Once you have the correct mindset to dive into the world of AI, now you can go into the nitty gritty details. So, take a problem in the real world that excites you. Remember to pick a simple problem at first such as, identification of the 10 numerical digits. Because a simple problem enables you to grasp the fundamentals better without getting side-tracked due to details.
Define its objective and desired outputs. Then collect data that relates to your problem. Make sure to keep room for both training and testing (or validation) using the collected data. Decide on a method to measure success for your algorithm. Brainstorm with your friends on how you can improve your logic to make the algorithm behave in a humanlike manner.
When you are ready for implementation learn a basic programming language. A general-purpose coding language such as Python, will help you, breathe life into your algorithm, because an algorithm in essence is just an idea. Once the idea is implemented, you will see new issues that were not apparent at the conceptual stage. Use that to refine your logic and repeat.
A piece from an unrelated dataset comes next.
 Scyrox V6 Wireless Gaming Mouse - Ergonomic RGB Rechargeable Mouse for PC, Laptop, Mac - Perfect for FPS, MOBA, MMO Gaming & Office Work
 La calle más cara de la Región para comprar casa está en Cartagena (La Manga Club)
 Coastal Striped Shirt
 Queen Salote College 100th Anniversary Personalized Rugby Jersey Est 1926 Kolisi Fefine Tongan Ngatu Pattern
Once a simple problem has been tackled to a reasonable level move into something more complicated. For example, a transition from printed digit identification to handwritten letter identification. Ensure that the transition is smooth so that the changes that you make are trackable and not abrupt and discontinuous.
Every time you take on a new problem, think about how you can insert your own thought process to the code to make it more humanlike in judgment, perception and behaviour. AI system development becomes a natural process once you get this framework right.
(The writer is a Senior Lecturer of the Faculty of Engineering at the University of Peradeniya.)